What proportion of your wages should be considered an 'affordable' rent payment?
Author: Rent Guarantor
When it comes to paying rent, the word affordability is often used to describe different areas. Rents in central London aren't considered affordable for the majority of workers, while the outskirts of the city is more affordable for a larger number of people. However, a proptech firm has described affordable rent as 50% of earnings, a claim which some may not agree with.
By calculating that where a tenant spends 50% or less of their earnings on rent as affordable, much of the rental market across England could be classed as such. However, the research bases its average earnings on the 22-29-year-old bracket and doesn’t include older tenants or benefit claimants.
Although the research may not be quite as in-depth or comprehensive as it could be, the idea of 50% of earnings spent on rent as being affordable actually compares well with a number of European cities. The average rent in some cities has been calculated as closer to 75% of average earnings for the area – that’s certainly not a figure that could be considered as affordable!
Most affordable regions to rent in the UK
Based on the 50% threshold, some 61% of the UK is currently home to rental levels that are ‘affordable’. The most inexpensive places to rent are in Wales. At just 28% of the average income, Rhondda Cynon Taf and Blaenau Gwent are the most affordable areas to rent across the UK.
Looking to England, Burnley is the most affordable town there, with an average monthly rent at 30% of earnings. Meanwhile in Scotland, renting a home in Dumfries and Galloway will cost 31% of your earnings.

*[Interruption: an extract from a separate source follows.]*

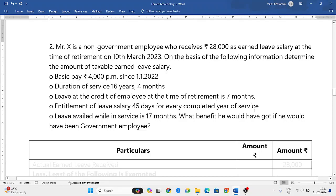Hello everyone, welcome to my YouTube channel. In this particular video, we'll solve one more problem related to earned leave.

Moving to the north east of England, south Tyneside is the most affordable place to rent where it will cost 33% of average earnings, while Waveney in the east of England is the most affordable in that region, at 34%.
Moving south, the most affordable rent is 40% of earnings and can be found in Folkstone and Hythe. Meanwhile, in the south west 40% is also the most affordable level of rent, found in Torridge. For London, however, the area where rent is the lowest proportion of earnings is in Bexley, but it is considered unaffordable as it sits at 52%.
While we’ve picked out the most affordable regions across the UK, there are a growing number of areas where renting is increasingly expensive. That’s a trend which will likely continue.
“A lack of wage growth to keep pace with the increasing cost of renting is resulting in more of the nation’s tenants paying above the 50% affordability threshold when it comes to the proportion of salary spent on rent,” said proptech firm Howsy’s founder and CEO, Calum Brannan.
“Of course, affordability is always going to be a problem in some areas, but a vast majority of areas in Britain still remain realistic as rental locations for the nation’s youngest tenants,” Brannan adds.
UK still affordable on a broader scale
Although 39% of UK regions could be considered as unaffordable to rent a home, much of the UK currently still compares pretty well with some other popular countries and cities.
Separate research from Spotahome shows that while its data shows the average London rent equates to around 68% of average earnings, that figure is much higher in some other cities:
- Lisbon average rents are 80.9% of income.
- Malta average rents are 75.9% of income.
- Dublin average rents are 65.9% of income.
Of course, London still remains expensive on both a national and international basis. However, it’s reassuring to see that it still isn’t the most expensive across Europe.